The Sisters of Notre Dame de Namur began in France in 1804 in the midst of the religious, social and political upheaval of the French Revolution. St. Julie Billiart, the foundress, envisioned a community of women living simple, prayerful lives, engaged in a ministry of education and service to the poor, especially poor women and children. It was St. Julie's vision and hope that her Sisters would go throughout the world, especially to the most abandoned places.
Heading to the New World
From the city of Namur, first part of France and later Belgium, the congregation expanded. The first request to go across the ocean came after St. Julie's death when Bishop Purcell requested Sisters of Notre Dame to go to his diocese in Ohio. In 1840 Belgian Sisters came to Cincinnati to open the first Notre Dame school in the New World.
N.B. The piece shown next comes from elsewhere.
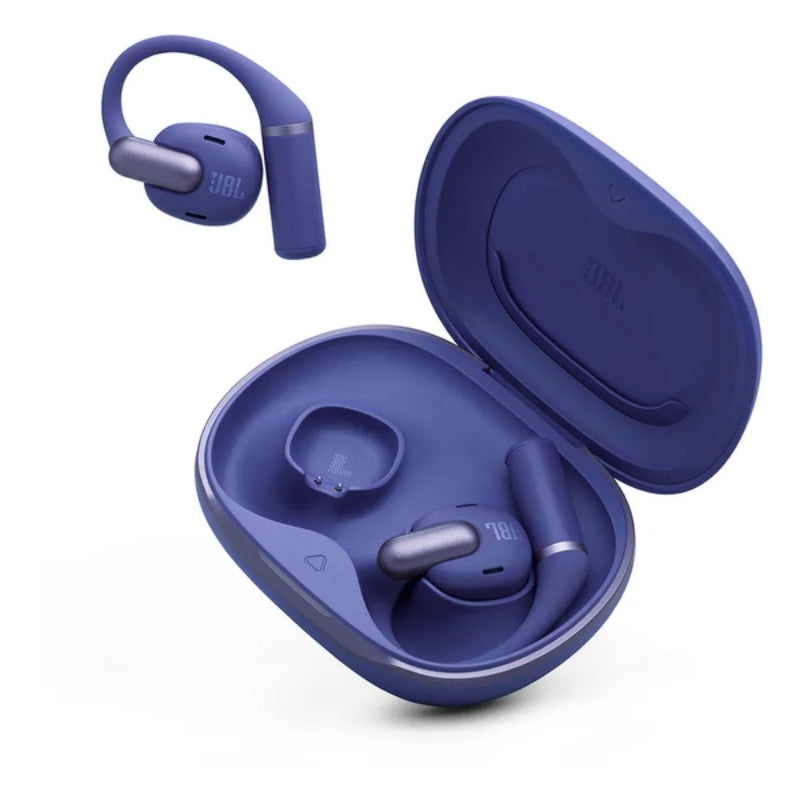JBL Sense Pro 真無線開放式耳機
In 1843 Father De Smet, a Jesuit missionary, requested Sisters to help in his mission in Oregon. Unlike Cincinnati, the wilderness of Oregon was still pioneer land populated by Clatsop Indians, fur traders, farmers and lumber men. The Sisters who volunteered to go to Oregon did so out of an eagerness to serve, unaware of, but willing to deal with, the enormous challenges that lay before them.
After waiting for the wind in the Antwerp harbor for almost a month, the ship The Indefatigable finally set sail for America in January 1844. Aboard that ship were six Sisters of Notre Dame who knew that they would probably never return to their homeland. They had gathered all of the provisions they thought might be needed, including a piano!
During their seven months at sea, the passengers experienced storms, icebergs, fog, near starvation, and near shipwreck. Finally setting foot on Oregon soil in August 1844, the Sisters saw the need for a boarding school for the daughters of the settlers, as well as a day school and orphanage for the Indian children.
In short order two schools were built and classes began at Sainte Marie de Willamette in St. Paul, Oregon. The Sisters’ task of teaching was often interrupted by other urgent needs: cutting brush, laying in a supply of wood, building and painting, planning crops, milking cows, and making butter and cheese. But classes grew and the work continued in spite of these many chores, sickness, difficulty with the Chinook language, and a devastating fire which destroyed many of the Sisters’ supplies.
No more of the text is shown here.